* DIRECTIONS *
Beginning with the line below that contains "Gedvedgård map" and ending with the line that contains "Edmmond Studios DENIM OVERSHIRT STONEWASH", retype every line exactly. Pictures are not copied.

* DATA FOR PROCESSING *
____
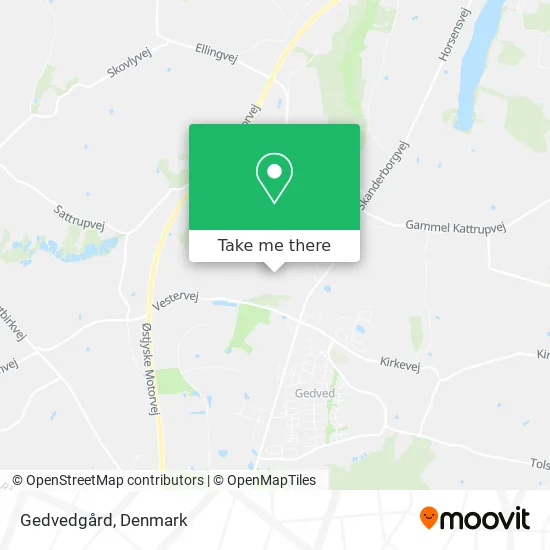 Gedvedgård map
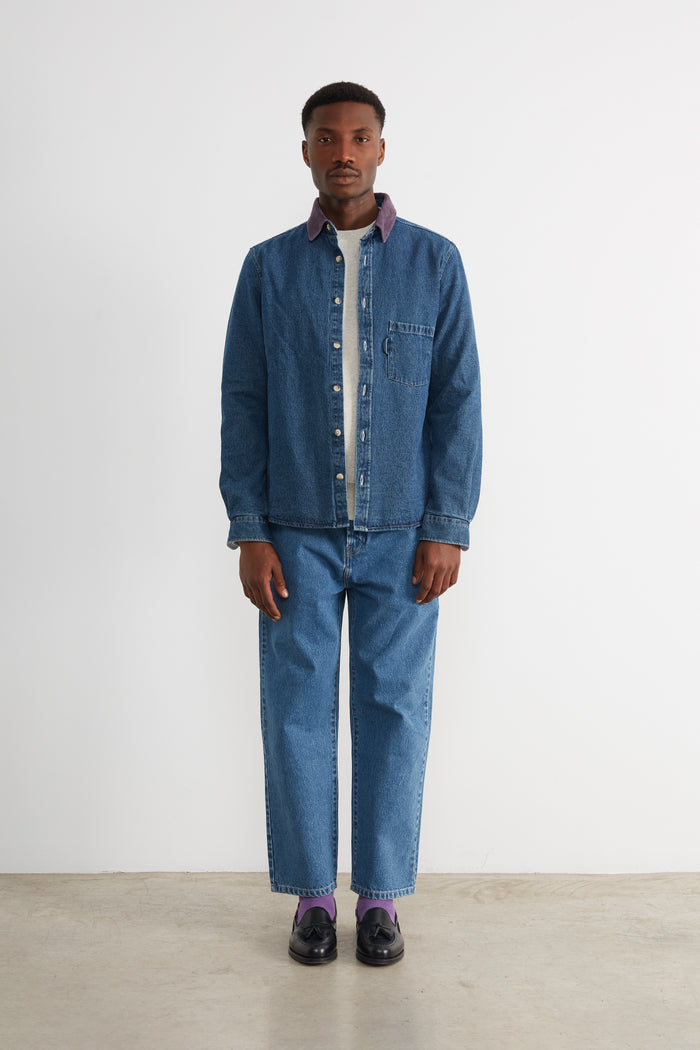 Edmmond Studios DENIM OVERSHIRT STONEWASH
____
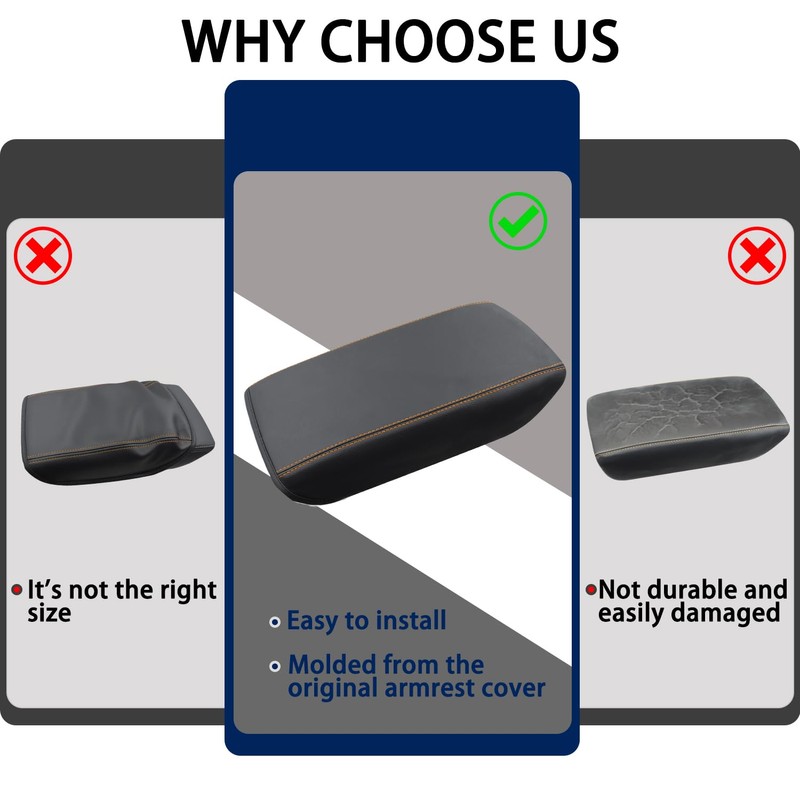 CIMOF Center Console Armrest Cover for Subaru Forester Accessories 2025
____
* RESULT *
 Gedvedgård map
 Edmmond Studios DENIM OVERSHIRT STONEWASH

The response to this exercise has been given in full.